Types of Cache Misses

Cache misses occur when the CPU requests a memory block that is not currently in the cache. These are categorized as follows:

Compulsory Misses:
- Also known as cold-start misses.
- Occur when a block is accessed for the first time and is not yet in the cache.
- Unavoidable on first access.
Capacity Misses:
- The cache cannot contain all the blocks needed during execution.
- Even with optimal replacement, some blocks are evicted and then needed again.
Conflict Misses:
- Also known as collision misses.
- Occur when multiple blocks compete for the same cache line or set.
- For example, blocks 0 and 4 both mapping to line 0 in a direct-mapped cache will cause conflicts.

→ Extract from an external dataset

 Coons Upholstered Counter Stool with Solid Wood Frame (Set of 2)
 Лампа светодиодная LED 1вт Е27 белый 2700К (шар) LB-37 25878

Cache Mapping and Associativity

Cache mapping strategies influence the occurrence of conflict misses:

Direct-Mapped Cache:
- Each block maps to exactly one line.
- Simplest and fastest lookup.
- High conflict miss rate due to fixed mapping.
Fully Associative Cache:
- Any block can go into any line.
- Minimizes conflict misses.
- Hardware is complex due to the need to search all lines.
Set-Associative Cache:
- A compromise between direct-mapped and fully associative.
- The cache is divided into sets, and each set contains multiple lines.
- An n-way set-associative cache allows a block to go into n different locations (within its set).

Replacement Policies

When a cache set is full, a block must be replaced. Common strategies:

Random Replacement:
- Replace a randomly selected block in the set.
- Simple but potentially inefficient.
Least Recently Used (LRU):
- Replaces the block that hasn’t been used for the longest time.
- Effective but requires tracking access order.
First-In-First-Out (FIFO):
- Removes the block that has been in the cache the longest.
- Simpler than LRU, but may evict frequently used blocks.
Least Frequently Used (LFU):
- Replaces the block used least often.
- Can become expensive due to frequency tracking.

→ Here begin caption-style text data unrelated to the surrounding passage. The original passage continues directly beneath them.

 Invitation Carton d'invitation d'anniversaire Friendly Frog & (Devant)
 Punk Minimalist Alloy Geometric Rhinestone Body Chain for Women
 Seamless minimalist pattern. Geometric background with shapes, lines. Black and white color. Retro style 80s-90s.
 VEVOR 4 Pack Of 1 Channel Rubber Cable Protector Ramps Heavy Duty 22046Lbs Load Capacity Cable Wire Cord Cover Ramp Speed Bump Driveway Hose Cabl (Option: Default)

Snooping Protocols and Cache Coherence

In multiprocessor systems, cache coherence ensures that all processors see a consistent view of memory. The snooping protocol is one method used to maintain coherence.

Overview of Snooping Protocol

Each cache controller monitors (or “snoops on”) a shared communication bus.
When a processor writes to a memory block, all other caches check if they have a copy of that block.
If a copy exists, they take action based on the protocol (e.g., invalidate, update).

Common Snooping-Based Protocols

Write-Invalidate:
- When a processor writes to a block, all other caches invalidate their copies.
- Simple and efficient for cases where writes are infrequent.
Write-Update (or Write-Broadcast):
- When a processor writes to a block, it also broadcasts the new data to other caches.
- Keeps caches updated but may incur high traffic.

Key Points

Snooping works best with a broadcast medium (e.g., a shared bus).
Protocols must ensure that only one processor can write to a block at a time (using mechanisms like MESI).
In contrast, directory-based protocols are more scalable and are used in systems without a broadcast bus.

Summary of Cache Line Assignment Effects

A fully associative cache allows total flexibility in block placement but has more complex hardware.
Set-associative caches provide a good balance and are common in practice.
The number of sets and the degree of associativity directly affect the miss rates.

Diagram Hint

To visualize conflict misses in direct-mapped caches, you can draw a diagram showing:

A few cache lines (e.g., 4 lines).
Memory blocks that map to the same line.
A sequence of accesses showing how earlier blocks are evicted when a new block with the same mapping arrives.

This lecture solidifies the foundational understanding of cache behavior, emphasizing the importance of associativity, replacement, and coherence in multiprocessor systems.